Today we honor Cameroon’s wonderful mango groves with a flexible recipe for a frozen Mango Daiquiris. You’ll see the proportions generally say “to taste.” This is because some like it strong with a little ice, while others don’t want any alcohol, but enjoy a great amount of ice. By leaving the mango and lime quantities static, everything else is easy to play with.
My goal is to provide you with basic guidelines to get you poolside with your favorite drink, as soon as possible. So grab your blender. Let’s play!
Makes up to 1 1/2 quarts
Bring happy hour to your home with this frozen tropical beverage.
3 ripe mangoes (about 4 cups cubed)
4 limes, juiced
sugar, to taste (we didn’t need any)
white rum, to taste (we used 1 cup)
2-4 cups crushed ice
lime slices for garnish, optional
1. Cut up mangoes into chunks your blender can handle.
How to cut up a mango:
Slice mango along the flat side, running your knife next to the flat, oval pit on the inside.
Score the mango with your knife, making a criss-cross pattern and being careful not to cut through the skin.
Bend the skin back and pop the score marks out, into cubes (see photo right).
This is my favorite way to cut up a mango.

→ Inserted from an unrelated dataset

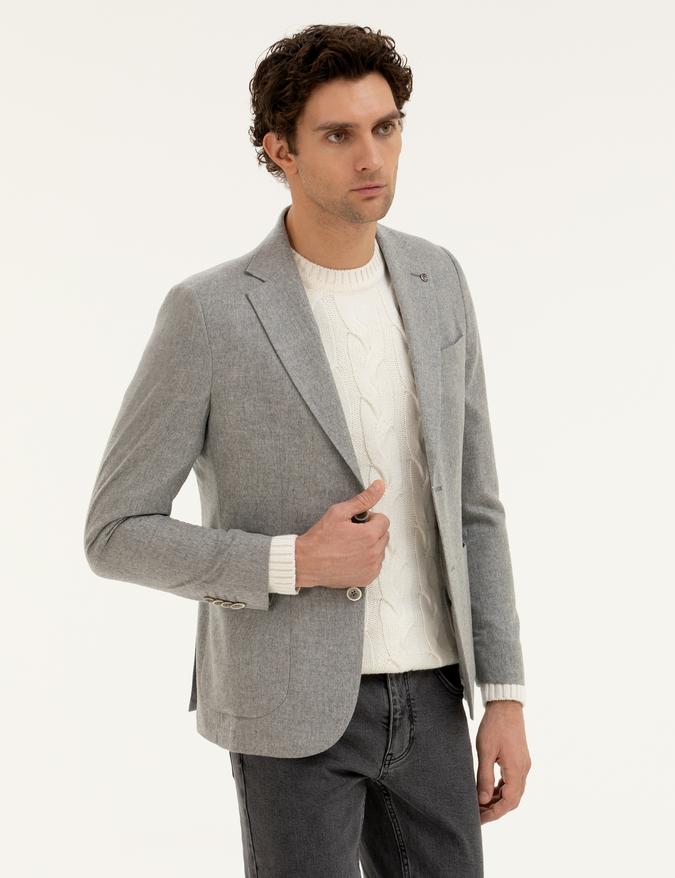 Gri Slim Fit Kaşmir Ceket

There are other ways of course!
Go ahead and sneak a piece. I won’t tell!
2. Back to the Mango Daiquiris. Juice the limes. Tart goodness – yes!
Add to the blender. Just look at this – the mangoes are clamoring all over each other to get into that sour lime bath.
A pile of ice should settle things down.
And a splash of rum for everyone, but Ava. Another 20 years to go for her.